The sound of the wind

With 4,555 wind turbines now in service, both on land and offshore, it is rare to find yourself at a location where you can not see at least one wind turbine somewhere on the horizon.

Denmark is roughly the size of Massachusetts, Connecticut and Rhode Island combined. With 4,555 wind turbines now in service, both on land and offshore, it is rare to find yourself at a location where you can not see at least one wind turbine somewhere on the horizon.
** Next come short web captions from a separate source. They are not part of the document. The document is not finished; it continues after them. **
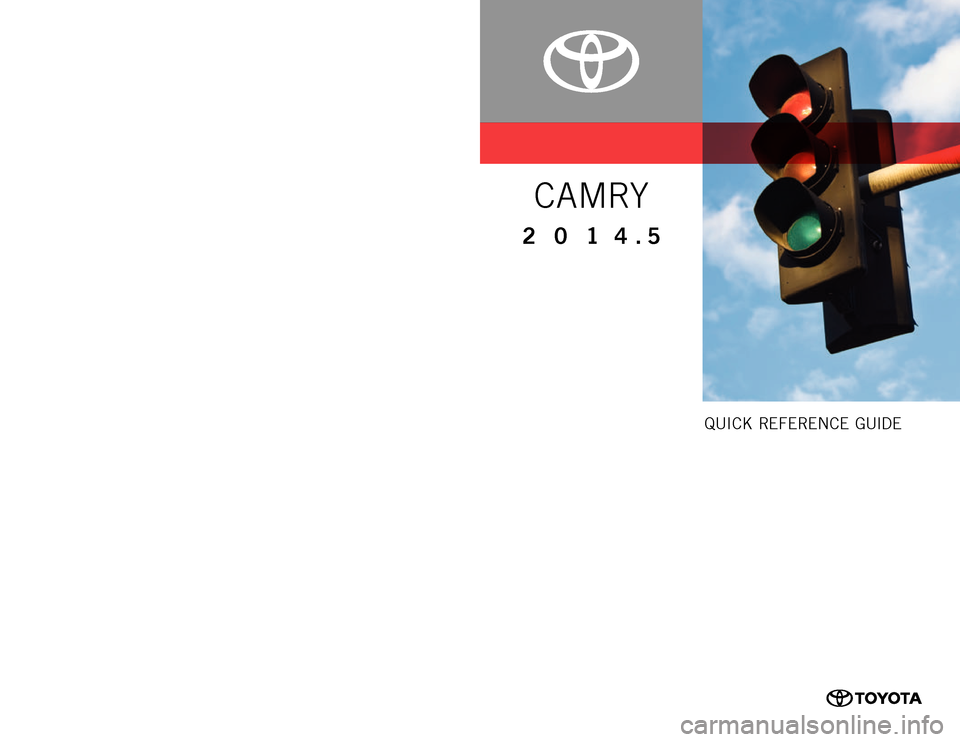 TOYOTA CAMRY 2014 XV50 / 9.G Quick Reference Guide QUICK REFERENCE GUIDE
00505 -Q RG14-CAM2
Printed
in U.S.A. 1/14
13-TCS-07752
201 4.5CUSTOMER EXPERIENCE CENTER
1- 8 0 0 - 3 31- 4 3 31
C A MRY
13-TCS-07752_QRG_MY14.5Camry_1_0F_lm.indd 112/20 TOYOTA CAMRY 2014 XV50 / 9.G Quick Reference Guide QUICK REFERENCE GUIDE
00505 -Q RG14-CAM2
Printed
in U.S.A. 1/14
13-TCS-07752
201 4.5CUSTOMER EXPERIENCE CENTER
1- 8 0 0 - 3 31- 4 3 31
C A MRY
13-TCS-07752_QRG_MY14.5Camry_1_0F_lm.indd 112/20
In older wind turbines, now obsolescent, there is a transmission or gearbox which connects the blades in the front to the generator in the back. If the main shaft carrying the blades is turning at, say, 20 rpm, this shaft is connected by a complex series of gears to the drive shaft, which may turn at as much as 2,000 rpm. This higher shaft speed is connected to the generator, which delivers electricity to a cable leading to the ground. This tried and true arrangement has one disadvantage. The multiple gears in the transmission, some of them turning at comparatively high speed, can generate noise.
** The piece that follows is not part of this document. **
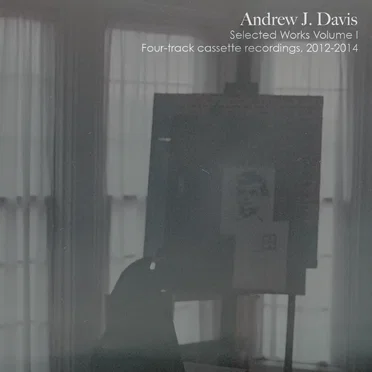 Selected Works Volume I: Four-track cassette recordings, 2012-2014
A solution has been found in the form of a wind turbine design which does not use a transmission. Power in the main shaft is delivered to the generator directly. With no gears in the power path, there is almost no noise. For peace of mind, when considering the purchase of a new wind turbine, whether by an individual, a business or a unit of government, the buyer should make certain that the wind turbine being considered does not have a transmission.

Gassing down

With 4,555 wind turbines now in service, Denmark currently produces 20% of its electrical demand from wind. Work is underway to increase this percentage to 50% by 2020. This is an almost unprecedented approach. However, the wind does not continue to blow during every hour of every day. A group of backup natural gas power plants, most of them already existing, are used to generate electricity during the hours when the wind is not blowing. When the wind is blowing, the natural gas plants are either at idle or generate at a very low output.

Consider the following hypothetical situation:

  1. The wind blows strongly for 12 hours, and the natural gas plants are at idle.
  2. The wind is still for12 hours, and the natural gas plants take over the load.
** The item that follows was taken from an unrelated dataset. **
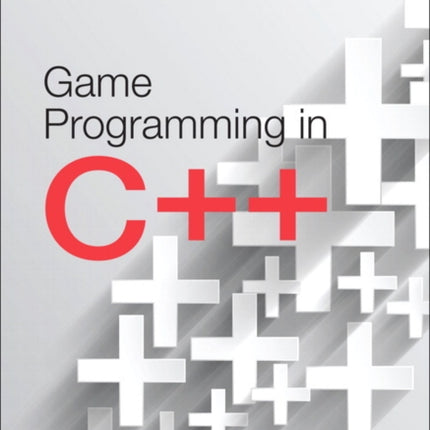 Game Programming in C++: Creating 3D Games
In the above scenario, the natural gas plants are needed to generate electricity for 12 hours per day. But, if there were no wind turbines in the mix, the natural gas plants would have been needed to generate electricity for 24 hours a day. Thus, for the 20% of the electrical load being covered by wind, the availability of multiple wind turbines cuts the daily consumption of natural gas in half. Because the fuel not used comes in the form of natural gas, it can easily be stored for use at a future date.